Work instruction> Nothing outside the range is to be copied. From the entries below, reproduce exactly the lines starting at the one with "2404 Kingsgate Rd, Placerville, CA" and ending at the one with "river by Sergio Souza", without pictures.

Records for this task>
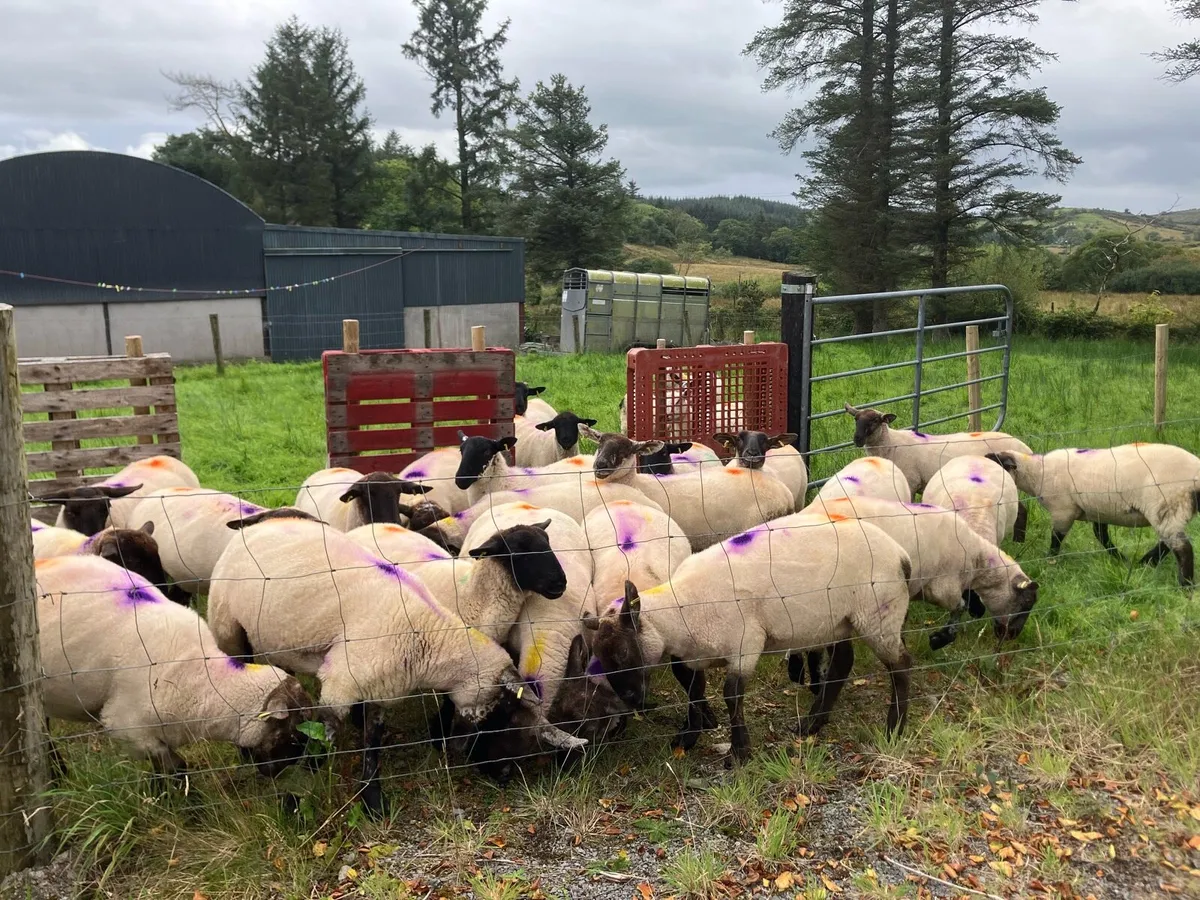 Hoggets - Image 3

---

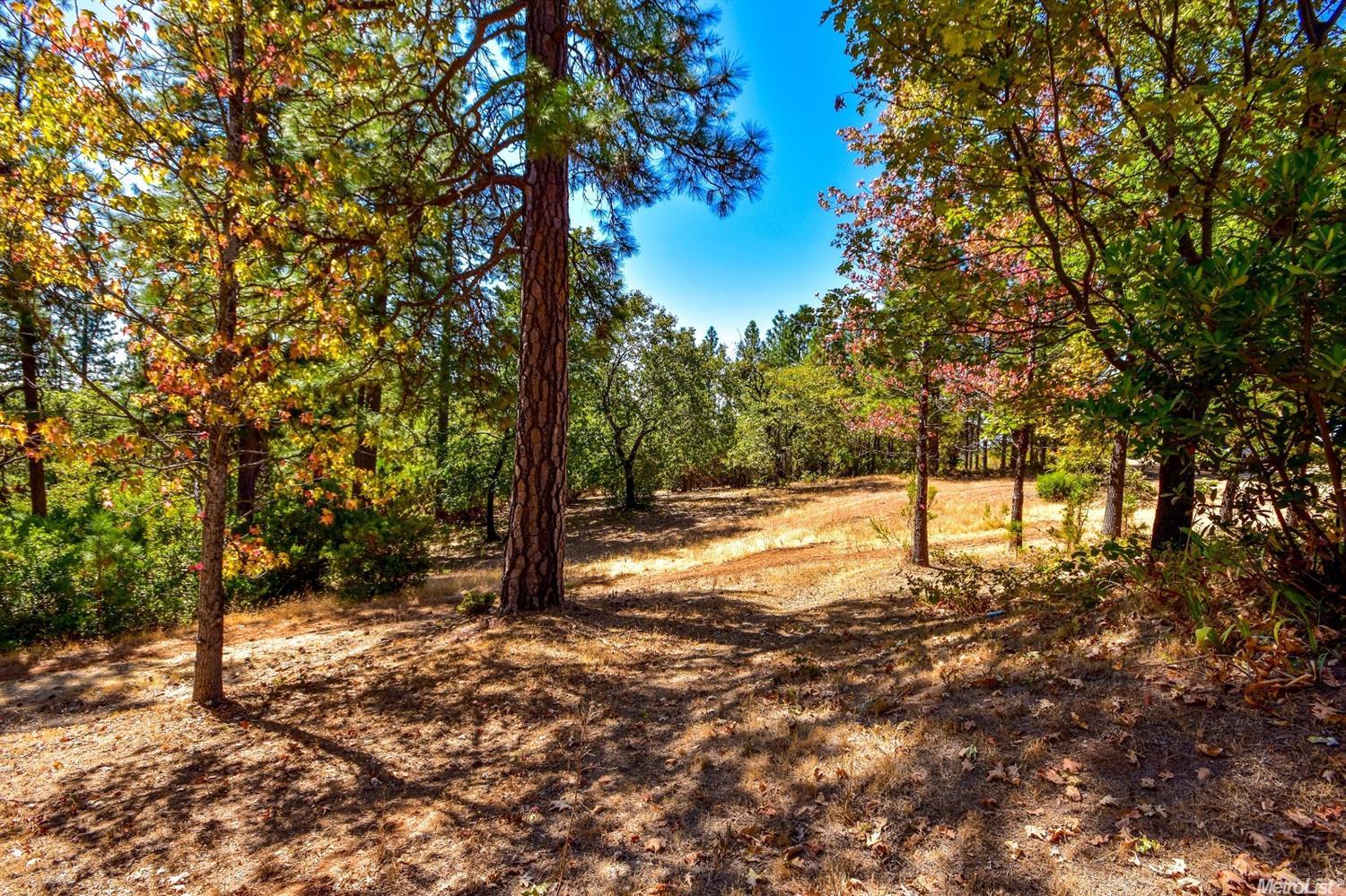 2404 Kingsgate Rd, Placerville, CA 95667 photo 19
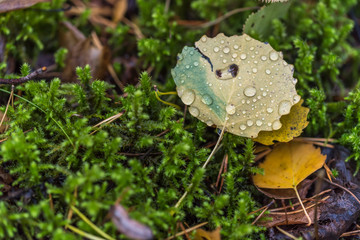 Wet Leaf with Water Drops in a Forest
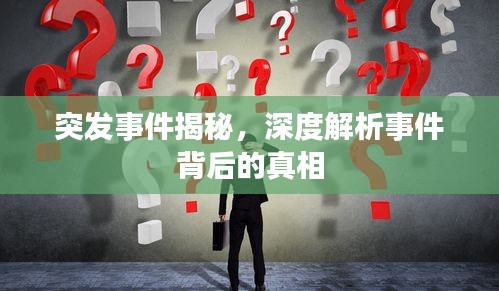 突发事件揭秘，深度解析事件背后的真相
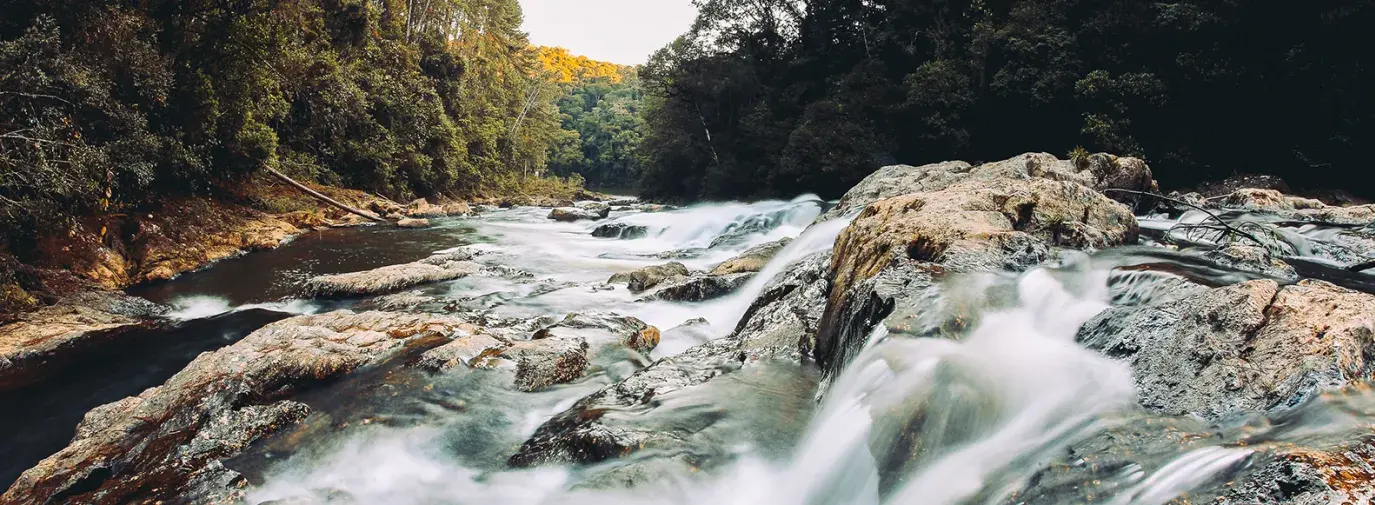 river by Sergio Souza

Answer space>
 2404 Kingsgate Rd, Placerville, CA 95667 photo 19
 Wet Leaf with Water Drops in a Forest
 突发事件揭秘，深度解析事件背后的真相
 river by Sergio Souza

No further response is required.